Открывается сессия ВА торжественно. Ровно полвека назад здесь же, в Дублине, Дарвин и Уоллес сделали сообщение о теории эволюции. Теперь вступительную речь читает сын Чарлза ботаник Фрэнсис Дарвин.
«Какой период!» — поражается такому факту Вернадский в письме жене. На съезде ожидаются сенсационные доклады Рамзая и Камерлинг-Оннеса, невозможные еще десять лет назад: о жидком гелии, о превращении элементов. 4 сентября Владимир Иванович присутствует на интереснейшем докладе Дьюара о радии, в обсуждении которого участвовали физики первой величины: Томсон, Резерфорд, Рэлей. «Личные впечатления ужасно много дают, так, характерно, я слышал сегодня Стрёта, одного из больших работников по радиоактивности, — пишет жене. — К сожалению, минералогов здесь мало, и поставлено дело в Дублине довольно плачевно… Все-таки недаром сюда приехал, т. к. полон новых мыслей…»9
Последнее замечание относилось, по всей вероятности, к знакомству с геофизиком профессором Дублинского университета Джоном Джоли. Доклад его казался откровением, ключом к тем проблемам, которые решал сам.

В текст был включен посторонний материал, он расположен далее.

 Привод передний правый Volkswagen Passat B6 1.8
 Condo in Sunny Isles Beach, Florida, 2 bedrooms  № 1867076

Его предчувствие революционного значения радиоактивности для всех наук о Земле начало сразу же подтверждаться. Зарождалась новая наука — радиогеология. Тяжелая часть таблицы Менделеева приобретала совершенно особое, необычное значение.

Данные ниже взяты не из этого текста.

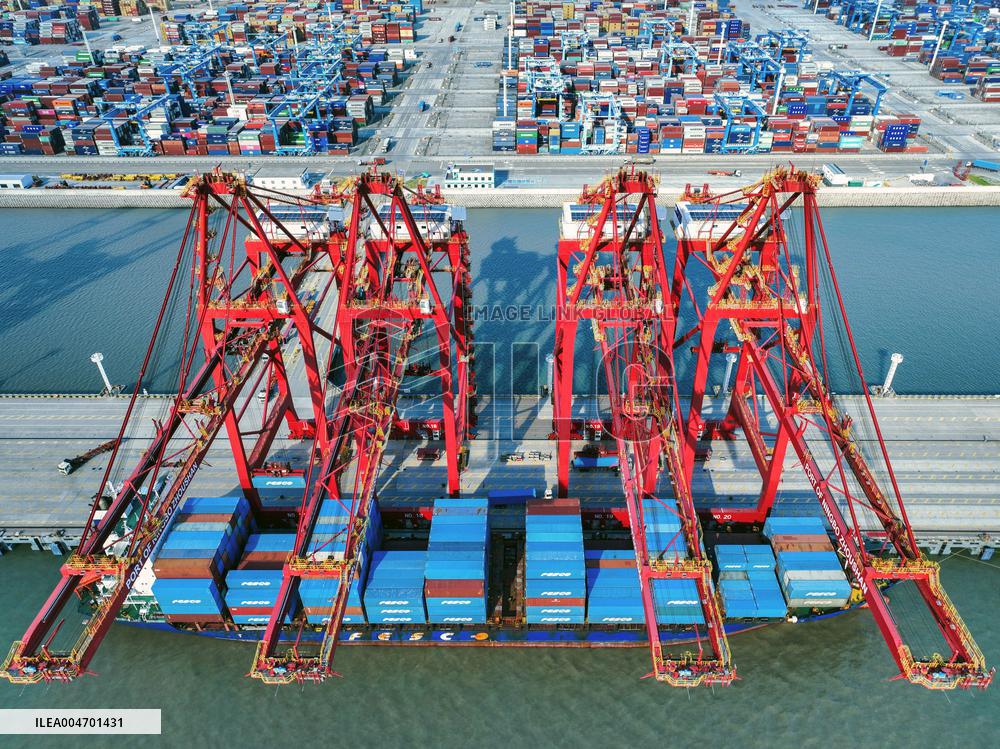 Zhoushan Port Container Transportation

Начало, вероятно, положил канадский физик Б. Болтвуд, который рассчитал время распада урана и превращения его в свинец. Он показал, что темп этого превращения ни от чего внешнего не зависит, а только от каких-то процессов внутри атома. Значит, в земной коре есть по крайней мере одни точные часы — уран-свинцовые, идущие в своем ничему не подвластном темпе.
Джоли привел в своем докладе обобщающую сводку по радиоактивным элементам в земной коре и сделал осторожный, но вполне определенный вывод: количества энергии, которая выделяется в результате распада радиоактивных природных элементов, вполне достаточно для объяснения внутреннего тепла Земли.
Вернадский с его воображением мгновенно оценил вывод Джоли. Он мысленно представил себе неслышный и невидный, но грандиозный по своим масштабам ход векового изменения вещества земного шара: передвижение его от тяжелых атомов — к легким и высвобождение при этом какого-то количества тепла. Вместе с тем он понял, насколько далеки от действительности и фантастичны, в сущности, те расхожие представления, которые вращаются в умах даже весьма образованных людей. О том, что Земля сначала пребывала в некоем огненно-жидком, или раскаленном, состоянии, но постепенно остывала (отсюда возникло понятие «земная кора» — как окисная корка на поверхности остывающего металла). Делались даже попытки рассчитать возраст Земли таким способом: брался раскаленный шар, измерялось время его остывания, и эта аналогия переносилась на планету в целом.